La tranquilidad del fin de semana. La tranquilidad de no tener prisa. Nos levantamos, tomamos café. Leemos la prensa. Y el ritmo del día ha de ser así. Sin prisa y sabiendo que el reloj no es importante (sólo para llegar a la hora de comer que hemos quedado). 

El único problema ha sido ese mismo, leer las noticias. Porque volvemos a ver que seguimos con casi 2 centenares de nuevos positivos. 3 fallecimientos… Y una normalidad que para nada es normal, y una evolución, que para nada es alegüeña.

El coche arranca a la primera. Y, la verdad, que no arrancaba tan bien desde hacía mucho tiempo. Lo que como uno se acostumbra, pues con que arrancase ya era suficiente. Pero es cierto que ahora va mucho mejor. Todo un alivio que después de otra visita al mecánico, parezca que la cosa va bien. 

Nos vamos a comer con los antiguos compañeros de Laura. A lo más estilo de White Lines. Porque nos vamos a Camp de Mar. Bueno,  según la serie, hoy voy a ir de Mallorca a Ibiza en coche, porque como toda representa Ibiza, pues me ahorro el ferry. 

Comemos en el restaurante La Illeta. Un sitio privilegiado en una roca, que para llegar a ella hay que pasar por una pasarela de madera. Todo muy idílico, y un rincón más de nuestro paraíso particular.

La paella estaba correcta, pero he de decir que me consuela que no era una paella “para guiris”, porque hay sitios a los que se le debería caer la cara de vergüenza.

Engañar a la gente con comida tan nefasta…, que ni representa un estándar, ni representa nuestra gastronomía. 

Ha sido una sobremesa larga. 3 horitas allí, y con la parsimonia de que no había prisa alguna. Hemos reído, hemos hecho fotos por doquier (no lo puedo evitar). Y bueno, ya tenemos siguiente plan (aunque más low cost, porque los precios eran acordes a las vistas). 

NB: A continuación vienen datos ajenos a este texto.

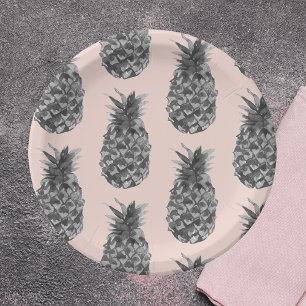 Tropical Grey & Pink Pineapple Seamless Pattern Paper Plate
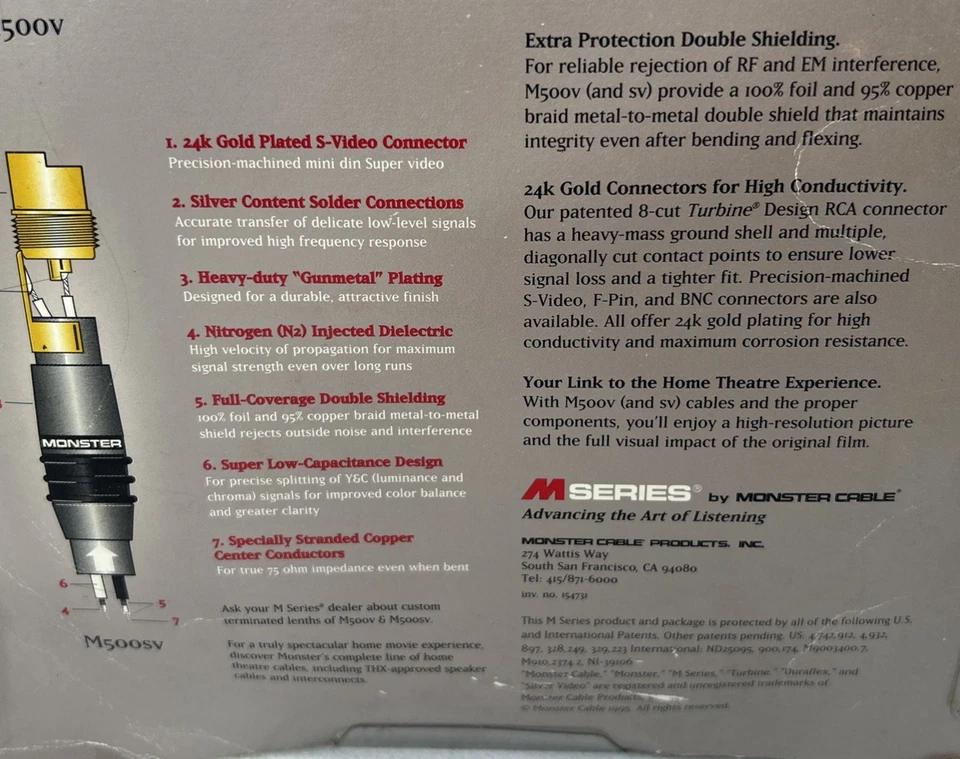 MONSTER M SERIES M500V ADVANCED S-VIDEO INTERCONNECT CABLE 2M - Image 4 of 4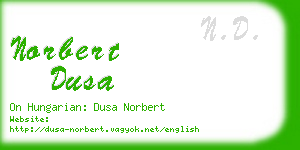 norbert dusa business card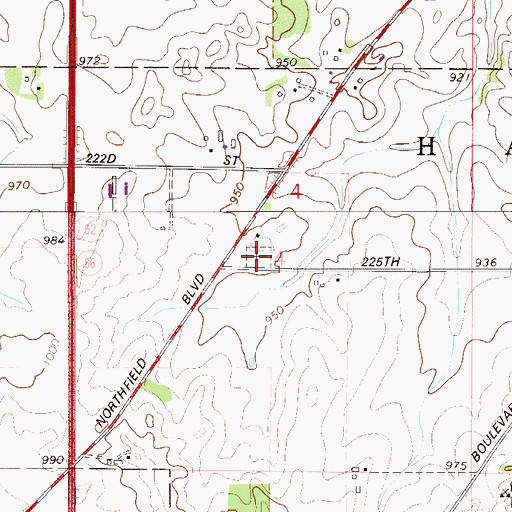 Topographic Map of Hampton Cemetery, MN
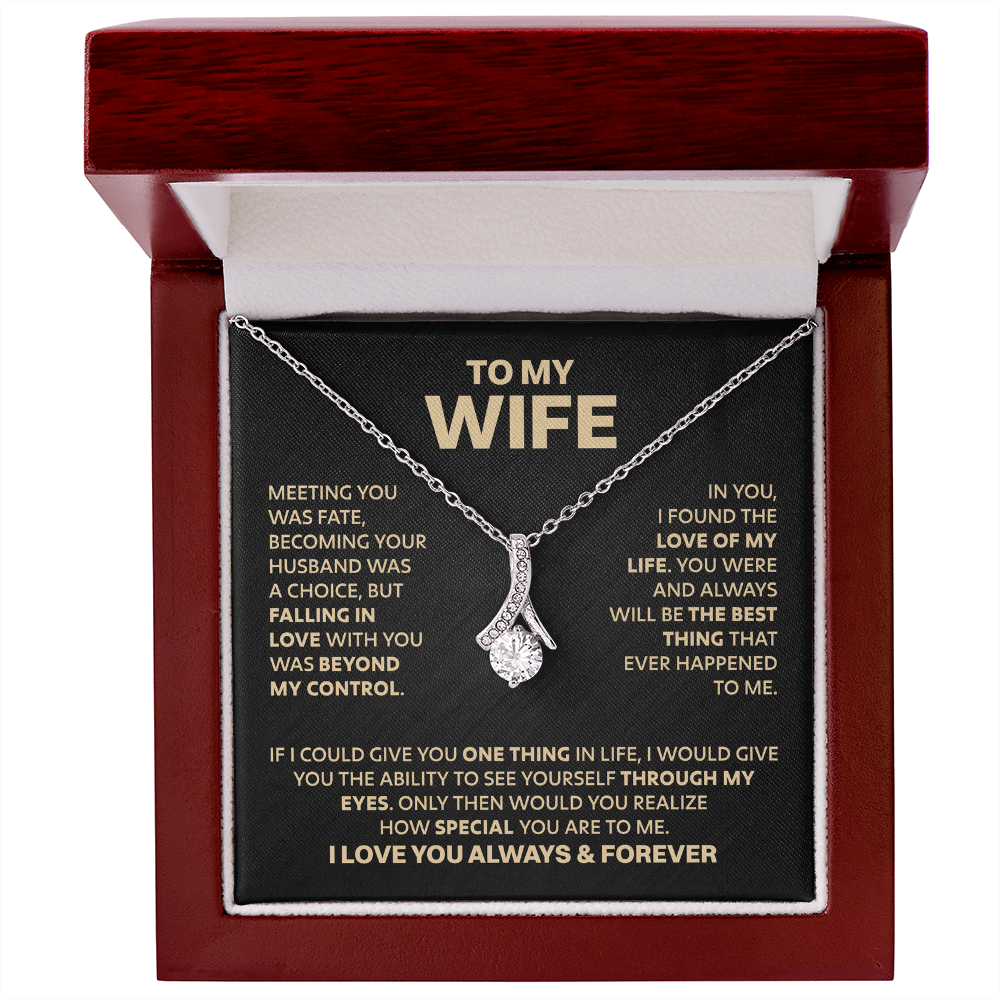 Amity Ribbon Necklace - Wife Love of My Life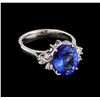 3.05 ctw Tanzanite and Diamond Ring - 14KT White Gold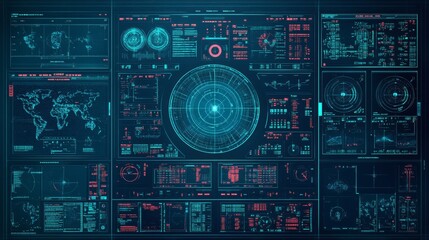 Fototapeta premium A defense-themed background resembling a futuristic command center interface, featuring holographic radar screens, digital data overlays, glowing maps, and soft blue grid lines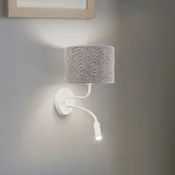 Duolla Stenna svetilka Roller, Bouclé siva, bela, z lučjo za branje - Dnevna soba/jedilnica - sivo-rjava, bela - Tkanine/tekstil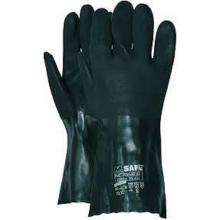 MJ 20-435 Premium Green teljesen PVC m&aacute;rtott pamut kesztyű 35cm, Kat3, 10 term&eacute;kfot&oacute;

Por la tarde nos vamos a casa de los amigos. Tarde de charla y cena completamente casera y bio. Venir al agroturismo de Cris y Andrés, es una relajación. Sin ruido de la ciudad en kilómetros a la redonda, sin vecinos. Lo único que se oyen los pájaros y, con el calor que hace, chicharras. Toda una desintoxicación urbana. 

Mis pensamientos hoy están en que alejarse, mínimamente, de lo cotidiano. Hacer cosas distintas a las que nos arrastran a la rutina, hacen recargar las energías. Retomar fuerzas, y eso, ahora más que nunca, es indispensable para nuestra salud mental. ¡Fuerza!